* _Assigned task_:
Look through the data below for the line with "lamanda noir gilet à puffer" and the line with "Dog Bed, Turquoise, 72x45x30 cm, Plush 5", then output those two and all lines in between, exactly as written.

[Collected data entries]
════════
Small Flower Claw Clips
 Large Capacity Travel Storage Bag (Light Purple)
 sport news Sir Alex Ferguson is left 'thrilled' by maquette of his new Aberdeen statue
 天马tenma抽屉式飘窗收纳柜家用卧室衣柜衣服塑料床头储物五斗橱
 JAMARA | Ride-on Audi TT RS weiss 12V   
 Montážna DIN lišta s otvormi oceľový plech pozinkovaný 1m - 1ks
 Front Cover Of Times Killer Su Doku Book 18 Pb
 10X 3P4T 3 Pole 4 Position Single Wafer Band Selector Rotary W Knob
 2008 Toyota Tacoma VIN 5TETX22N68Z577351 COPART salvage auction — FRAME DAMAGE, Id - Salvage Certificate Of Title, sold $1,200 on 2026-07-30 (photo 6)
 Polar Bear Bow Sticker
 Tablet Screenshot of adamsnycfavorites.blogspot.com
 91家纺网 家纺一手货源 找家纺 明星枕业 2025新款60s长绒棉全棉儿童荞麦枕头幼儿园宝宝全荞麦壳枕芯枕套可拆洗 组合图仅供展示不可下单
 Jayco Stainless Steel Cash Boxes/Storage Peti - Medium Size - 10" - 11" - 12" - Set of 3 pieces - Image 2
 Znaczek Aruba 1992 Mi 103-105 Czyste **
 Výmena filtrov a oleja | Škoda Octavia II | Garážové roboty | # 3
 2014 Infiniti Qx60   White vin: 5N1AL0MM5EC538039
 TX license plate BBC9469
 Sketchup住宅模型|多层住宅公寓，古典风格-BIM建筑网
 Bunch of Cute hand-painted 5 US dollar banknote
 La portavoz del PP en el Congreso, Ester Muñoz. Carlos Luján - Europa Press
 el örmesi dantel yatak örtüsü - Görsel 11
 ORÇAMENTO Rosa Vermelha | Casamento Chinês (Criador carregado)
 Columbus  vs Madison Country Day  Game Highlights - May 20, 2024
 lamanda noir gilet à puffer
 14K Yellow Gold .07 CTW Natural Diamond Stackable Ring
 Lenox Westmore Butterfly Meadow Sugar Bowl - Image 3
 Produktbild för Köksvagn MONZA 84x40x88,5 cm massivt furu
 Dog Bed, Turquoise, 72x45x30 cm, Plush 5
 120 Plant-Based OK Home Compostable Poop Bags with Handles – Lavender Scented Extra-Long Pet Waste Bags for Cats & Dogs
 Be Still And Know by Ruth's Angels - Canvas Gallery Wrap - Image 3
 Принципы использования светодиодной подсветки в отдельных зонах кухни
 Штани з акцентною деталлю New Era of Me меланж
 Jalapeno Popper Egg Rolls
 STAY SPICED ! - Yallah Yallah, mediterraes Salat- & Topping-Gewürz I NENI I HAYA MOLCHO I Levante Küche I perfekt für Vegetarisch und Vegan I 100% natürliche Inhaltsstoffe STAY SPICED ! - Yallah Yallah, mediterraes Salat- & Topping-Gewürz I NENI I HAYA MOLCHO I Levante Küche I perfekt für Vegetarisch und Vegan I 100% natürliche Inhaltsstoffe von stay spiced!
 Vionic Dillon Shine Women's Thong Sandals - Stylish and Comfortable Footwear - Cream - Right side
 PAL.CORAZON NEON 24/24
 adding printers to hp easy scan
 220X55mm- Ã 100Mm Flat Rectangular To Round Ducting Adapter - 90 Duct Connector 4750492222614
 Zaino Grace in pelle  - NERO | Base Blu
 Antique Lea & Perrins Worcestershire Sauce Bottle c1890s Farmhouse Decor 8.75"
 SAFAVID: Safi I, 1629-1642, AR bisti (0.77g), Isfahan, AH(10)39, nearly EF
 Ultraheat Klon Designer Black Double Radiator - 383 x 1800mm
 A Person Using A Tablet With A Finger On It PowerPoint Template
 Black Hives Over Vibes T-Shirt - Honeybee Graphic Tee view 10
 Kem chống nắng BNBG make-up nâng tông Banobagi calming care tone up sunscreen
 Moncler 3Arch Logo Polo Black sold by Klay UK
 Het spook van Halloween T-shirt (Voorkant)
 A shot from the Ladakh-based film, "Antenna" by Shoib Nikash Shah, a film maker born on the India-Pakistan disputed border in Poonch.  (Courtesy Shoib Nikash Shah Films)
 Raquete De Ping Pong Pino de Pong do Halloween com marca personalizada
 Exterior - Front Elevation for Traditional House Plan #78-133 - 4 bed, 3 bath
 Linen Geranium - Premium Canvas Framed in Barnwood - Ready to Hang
════════
* _Task output_:
 lamanda noir gilet à puffer
 14K Yellow Gold .07 CTW Natural Diamond Stackable Ring
 Lenox Westmore Butterfly Meadow Sugar Bowl - Image 3
 Produktbild för Köksvagn MONZA 84x40x88,5 cm massivt furu
 Dog Bed, Turquoise, 72x45x30 cm, Plush 5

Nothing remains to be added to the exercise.